Labor is proposing to abolish two different occupations lists and replace it with one skills list with a pathway to permanent residency if elected.
Federal Labor says the Coalition government’s Short-Term Skilled Occupation List (STSOL) and Medium and Long-Term Strategic Skills List (MLTSSL) will be abolished if it wins the upcoming federal elections.
The Shadow Minister for Immigration, Shayne Neumann MP, announced the move during an address to the Absolute Immigration Forum on March 19 in Sydney.
Today I addressed a forum hosted by @Absolute_Immi about Labor’s plans to ensure local workers are given the first shot at local jobs.
Our visa system must work as intended and with integrity; not be exploited.
“Labor will abolish the Government’s Short-Term Skilled Occupation List and Medium and Long-Term Strategic Skills List. If elected, a Labor Government will replace these lists with one Skills Shortage Occupations List with pathways to permanent residence,” Mr Neumann said in his address.
He said Labor will establish a new, independent, labour market testing body – the Australian Skills Authority.

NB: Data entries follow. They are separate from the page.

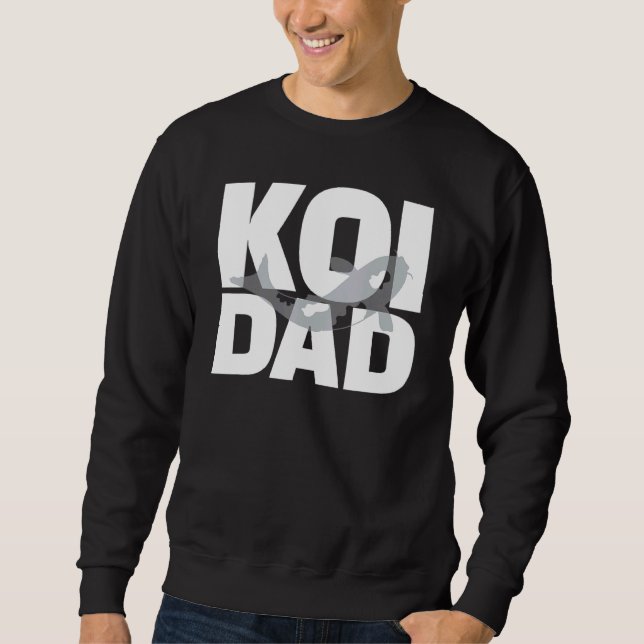 Sudadera Diseño De Koi Dad Koi Fish Para Los Propietarios D (Anverso)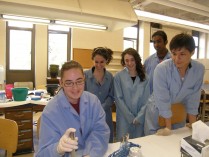 students in lab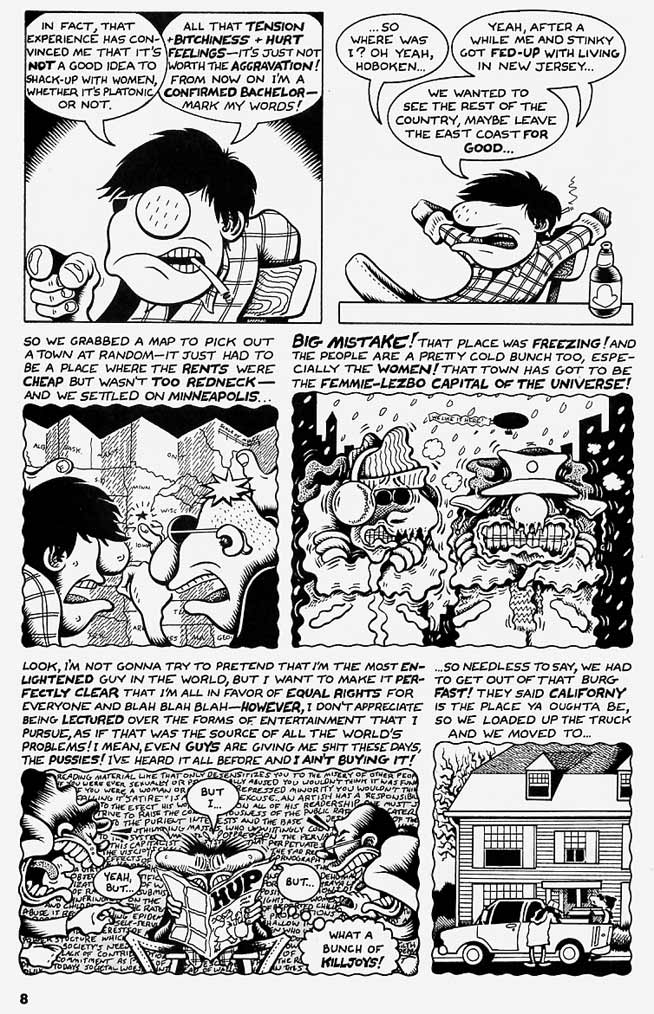 Read online Hate comic -  Issue #1 - 10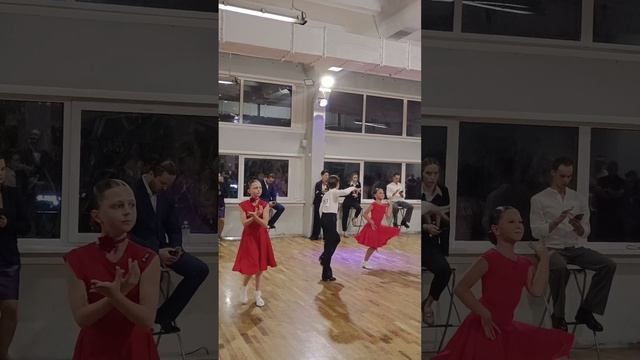 Марк, Полина бальные танцы Н5:медленный вальс,квик стер, самба, ча-ча-ча, джайв.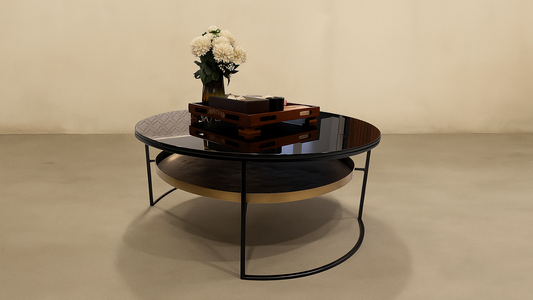 Cinder coffee table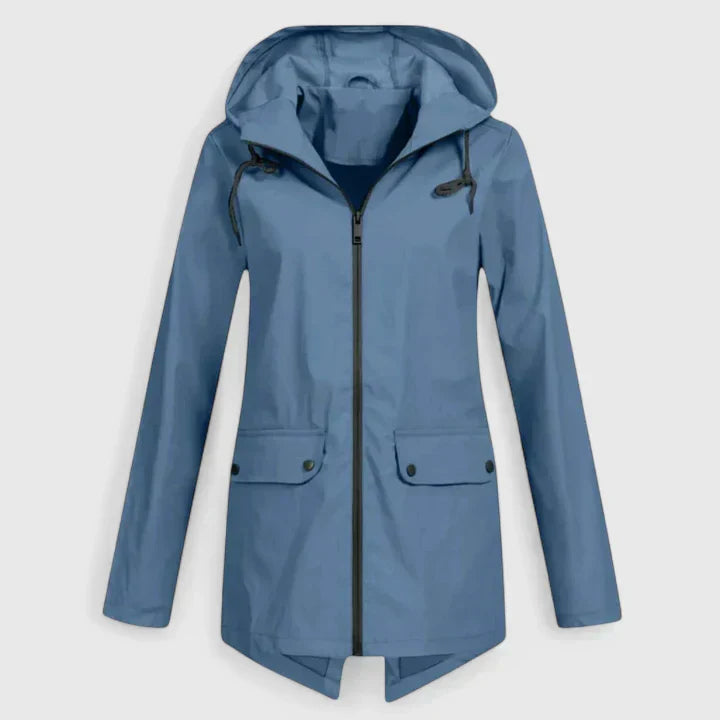 VANESSA | LIGHTWEIGHT HOODED RAIN JACKET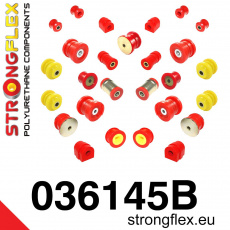 036145B: Strongflex Kompletní sada silentbloků pro zavěšení 036145B: Strongflex Kompletní sada silentbloků pro zavěšení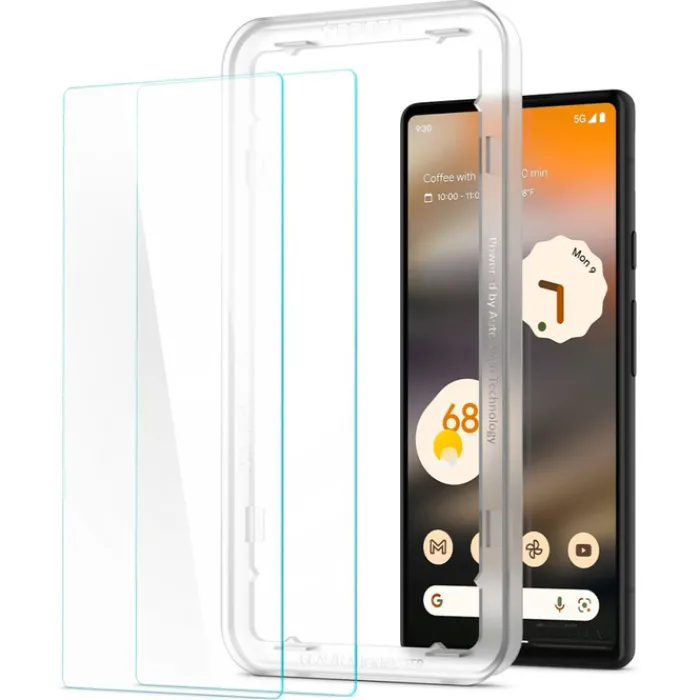 Spigen Pixel 6A|Google-ALM GLAS.TR SLIM SZKŁO HARTOWANE 2-PACK GOOGLE PIXEL 6A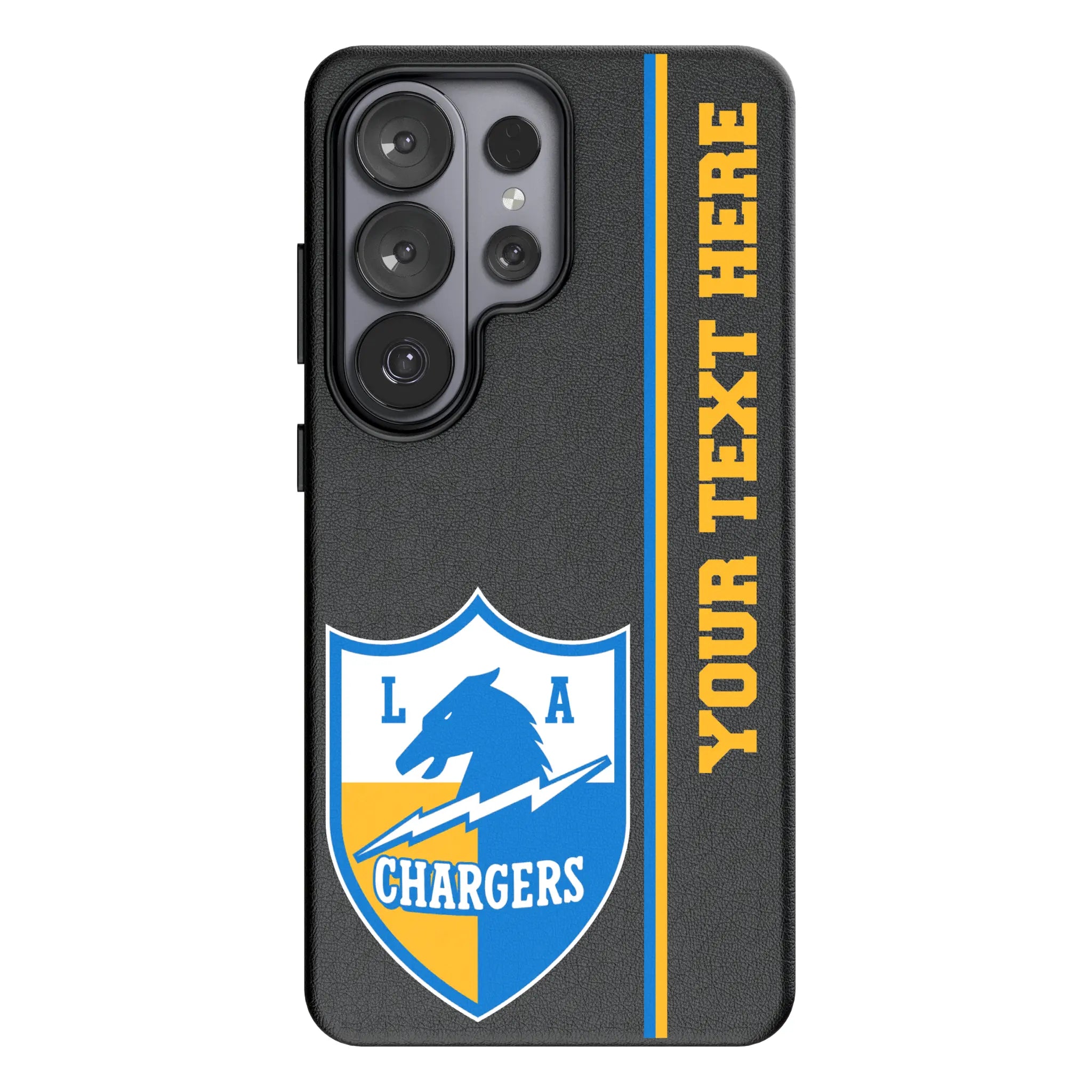 Los Angeles Chargers Historic Collection Personalized Sidebard Galaxy MagSafe Compatible Phone Case for Samsung Galaxy#Device_Galaxy S26 Ultra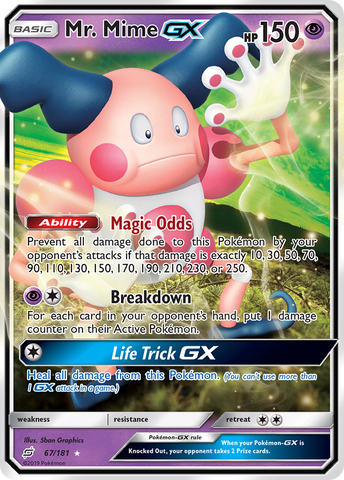 M. Mime GX (67/181) [Soleil et Lune : Faites équipe] 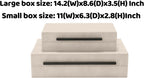Modern Beige Storage Basket — Set of 2 - View 4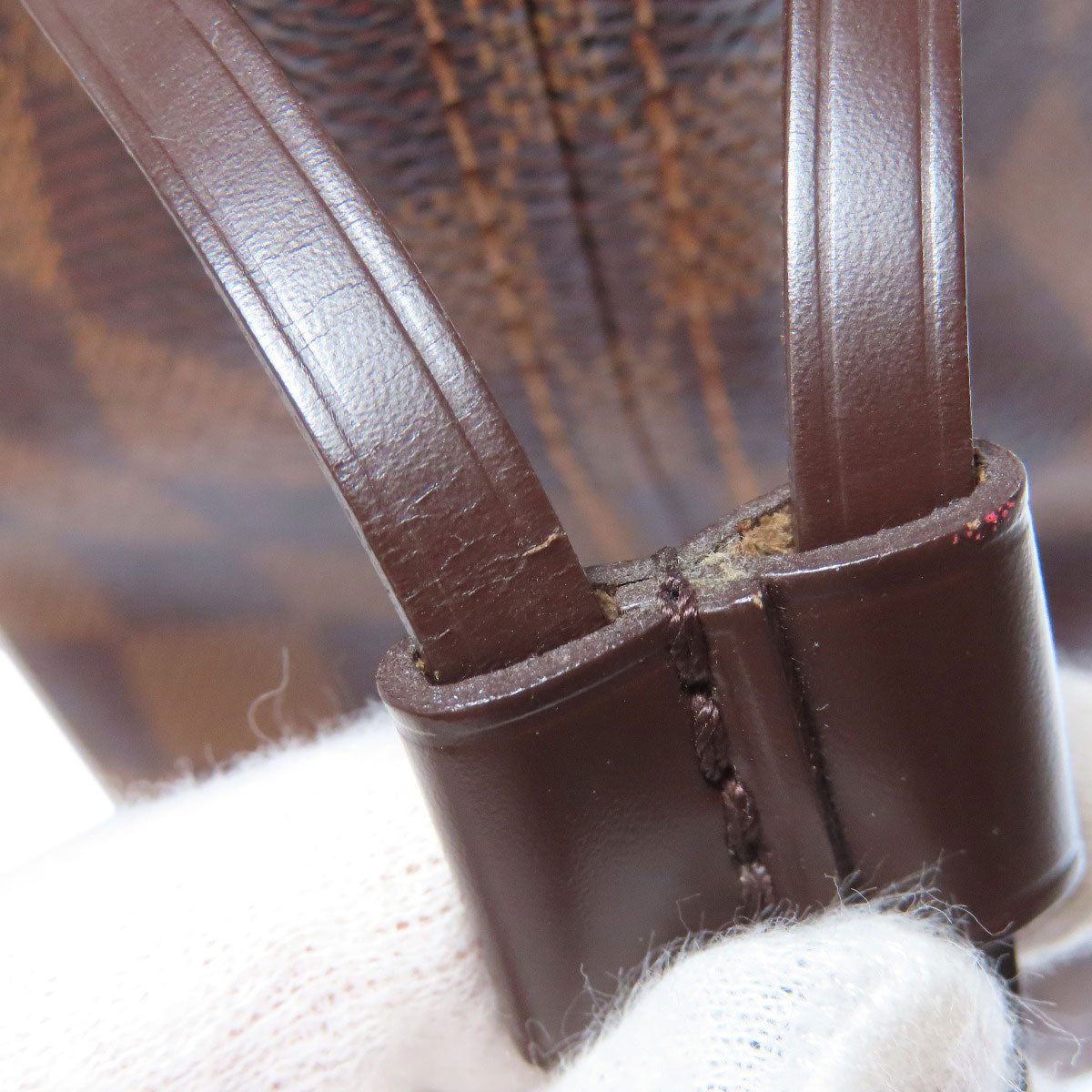 LOUIS VUITTON N51109 Never full PM Tote Bag Damier canvas Ladies [Used]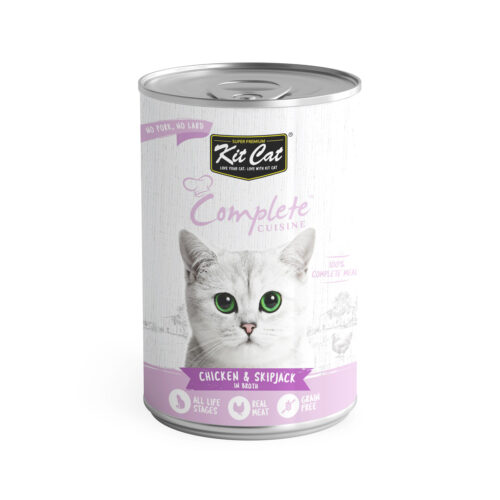 Kit Cat Complete Cuisine Chicken And Skipjack In Broth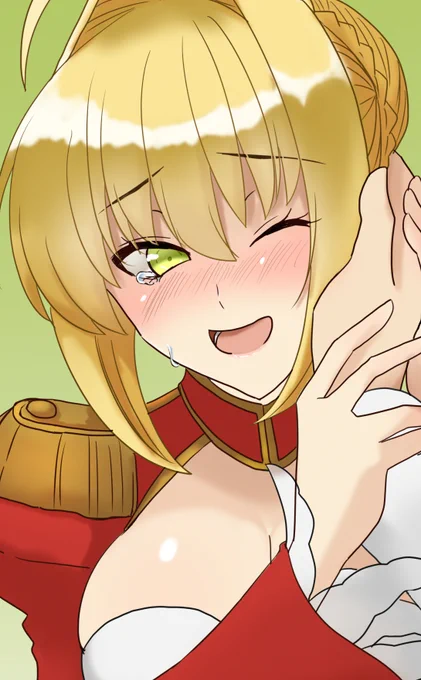#ネロを描いていく
178日目。マスター君に構ってもらえて嬉し泣きしちゃったネロちゃま
#FGO #FateGO 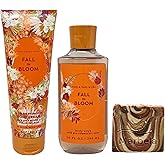 Bath & Body Works Fall In Bloom Ultimate Hydration Body Cream and Body Wash with a Clay Baby Bar Soap - Full Size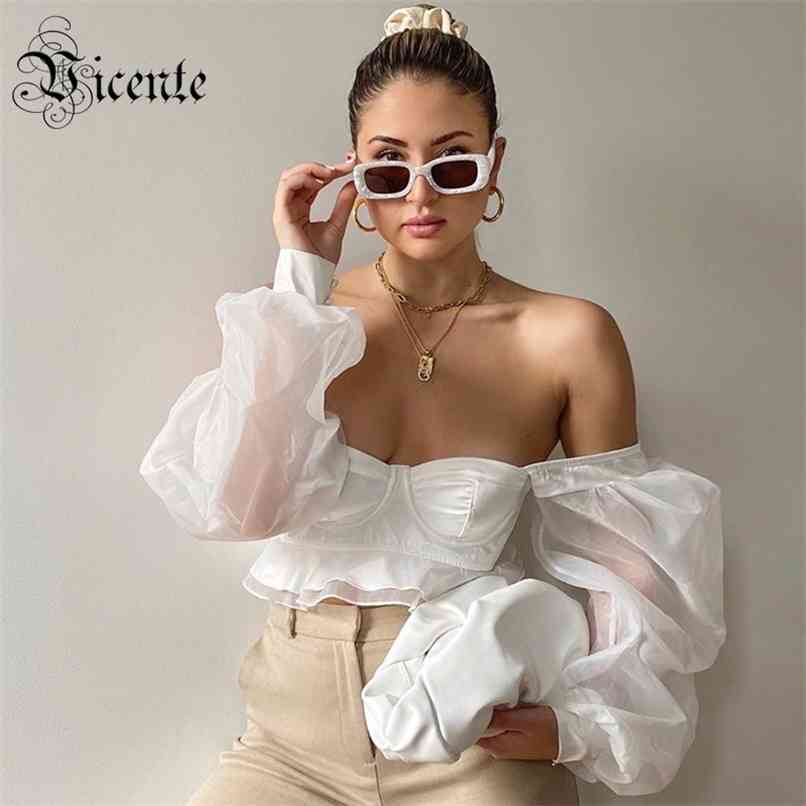 Chic White Crop Top Sexy Off Shoulder Lantern Sleeves Ruffles Design Casual Party Wear Satin Tops 210520
Chic White Crop Top Sexy Off Shoulder Lantern Sleeves Ruffles Design Casual Party Wear Satin Tops 210520
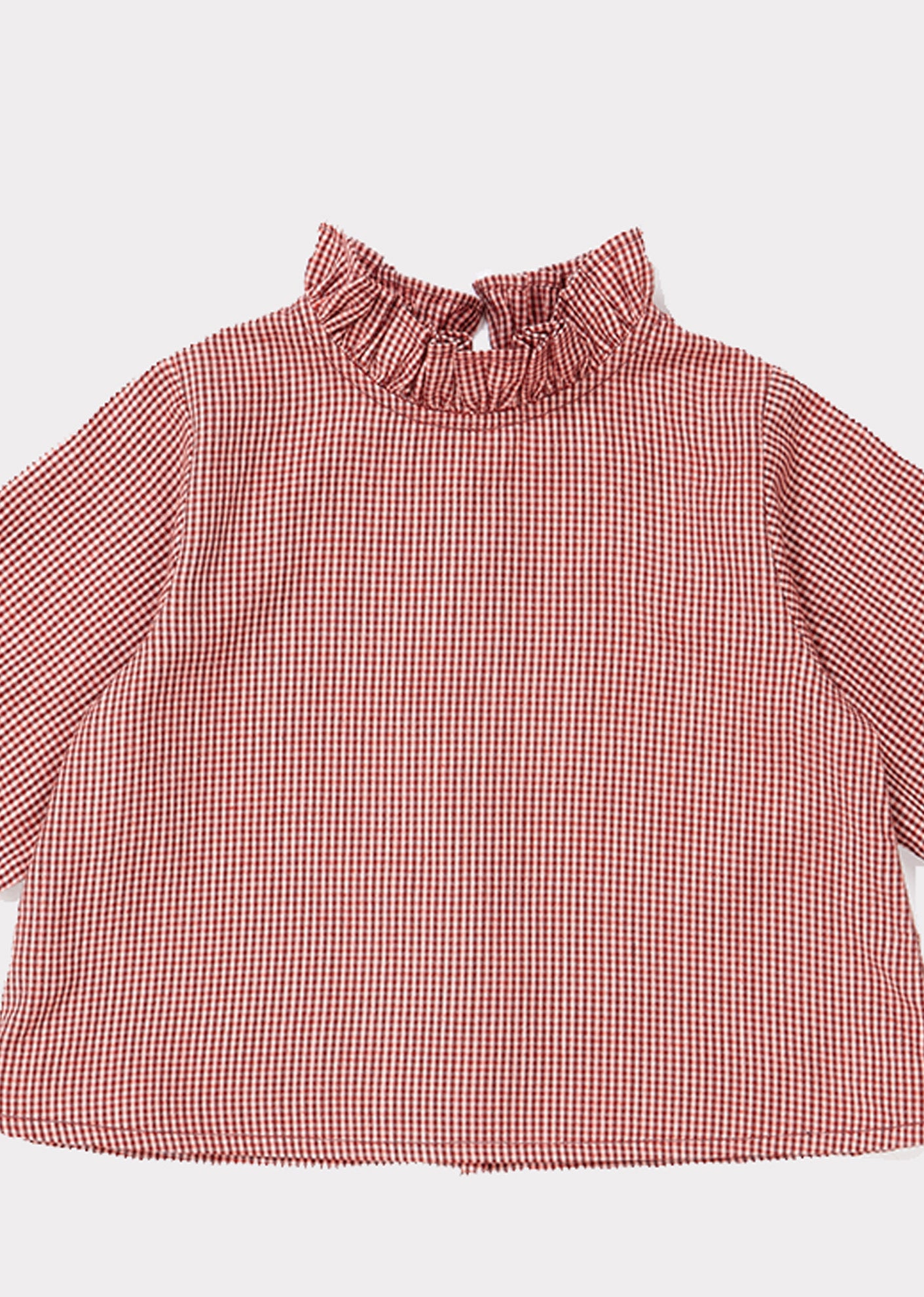 Baby Girls Poppy Check Cotton Blouse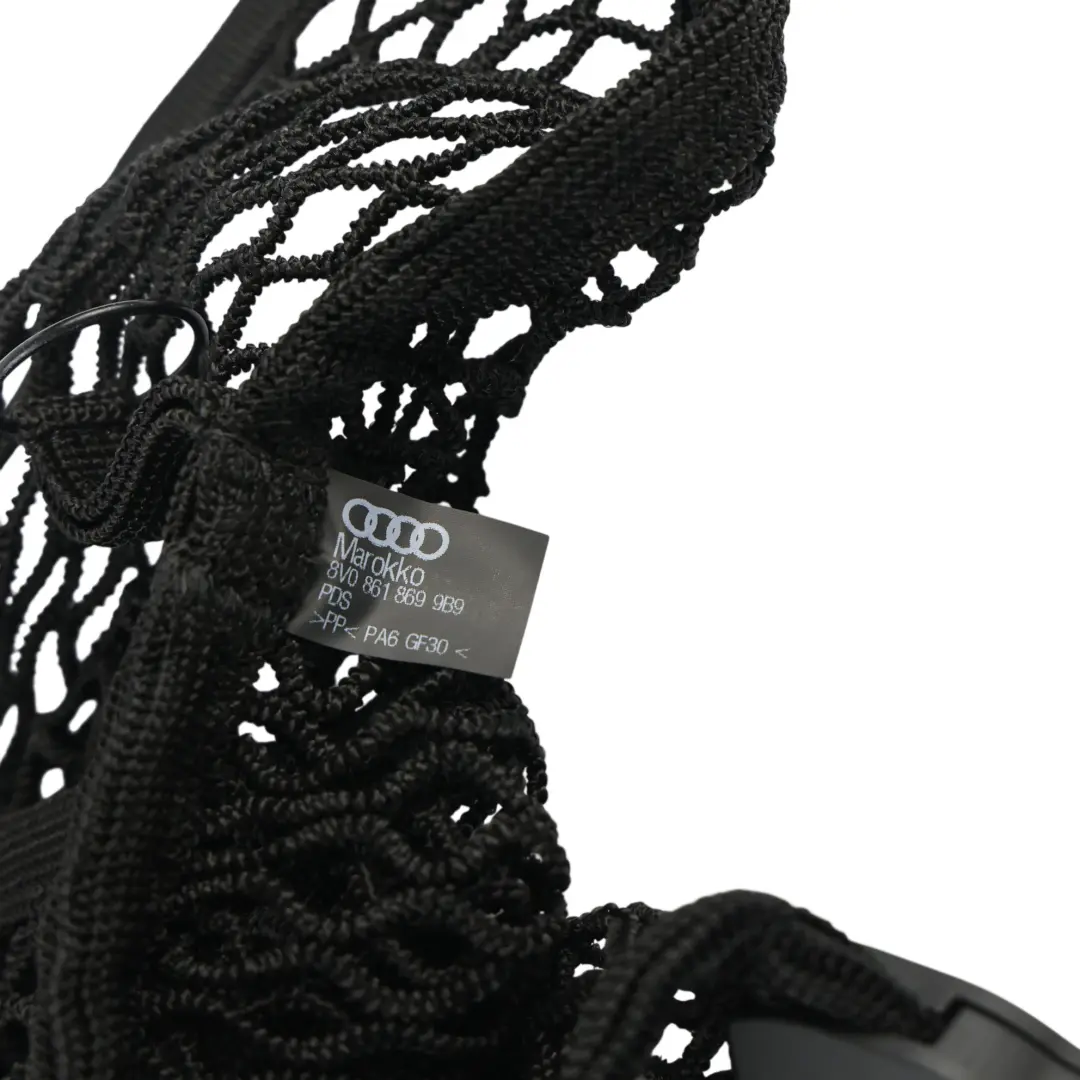Audi A3 8V Rete Portaoggetti Bagagliaio Posteriore Nero Satinato - SKU 8V0861869 - Numero di parte 8V0861869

“The Australian Skills Authority – or the ASA – will be responsible for determining genuine skills needs and restrict temporary work visas to only those areas of genuine need,” he said.
Shadow Minister for Immigration Shayne Neumann
“There are almost 1.6 million temporary visa holders with work rights in Australia, with too many employers turning to temporary work visas in an attempt to undercut local jobs, wages and conditions.
“This needs to change and business needs to fix its focus to local workers.
“Labor is committed to reforming the temporary skilled visa system to improve fairness and equity, so we can level the playing field for Australian workers,” he said.
“Any changes will impact skilled Indian migrants”
Indian migrants have emerged as the biggest source of migrants to Australia in recent years.
The latest figures by the Australian Bureau of Statistics (ABS) figures reveal 20 per cent of those on temporary skilled work visas in 2016 were born in India and 20 per cent of total migrants in 2016-17 came from India.
Any changes to the migration program will impact Indian skilled migrants, registered migration agent Rohit Mohan says.
“Abolishing two different occupations list and replacing it with one occupations list with a pathway to permanent residency is an important announcement and is bound to affect Indian migrants,” Mr Mohan told SBS Hindi.
“Right now, Australia is one of the most sought-after countries for Indians wishing to migrate abroad because of its quality of life and social security.
“But whether a new single occupation list will benefit Indian migrants will depend on how exhaustive the list is. Right now, we have different lists and not everyone is eligible for permanent residency.
“If the proposed new list brings provides those on Short Term list with permanent residency option, it will definitely benefit. But if the eligible occupations are reduced, it may have an adverse effect” Mr Mohan says.
“Abolishing 457 visa has benefitted Australia”
The Coalition government replaced the 457 work visa with a new Temporary Skill Shortage (TSS) visa the new Subclass 482 visa in March 2018.
Immigration Minister David Coleman
Minister for Immigration, Citizenship and Multicultural Affairs David Coleman has said Australians have benefited from visa changes which have made it harder to bring skilled migrants to Australia on temporary work visas.
The new Temporary Skill Shortage or the 482 Visa is available in two streams – a short term (2-year visa) and medium term (4-year visa with a pathway to permanent residency) and it requires mandatory work experience besides tightened English language requirements for the longer duration visa.
The short-term stream of the visa does not provide a pathway to permanent residency and can be renewed only once.
Applicants are also required to obtain a positive skill assessment before they can apply for the visa.
In five years, the number of overseas workers almost halved from 130,000 in 2013 to 70,000 in 2017.
The minister attributed the growth in new jobs to the government’s visa reforms.
“More than one million new jobs have been created since the Coalition was elected five years ago and our reforms to close loopholes in the visa system have played an important part,” Minister Coleman said last year.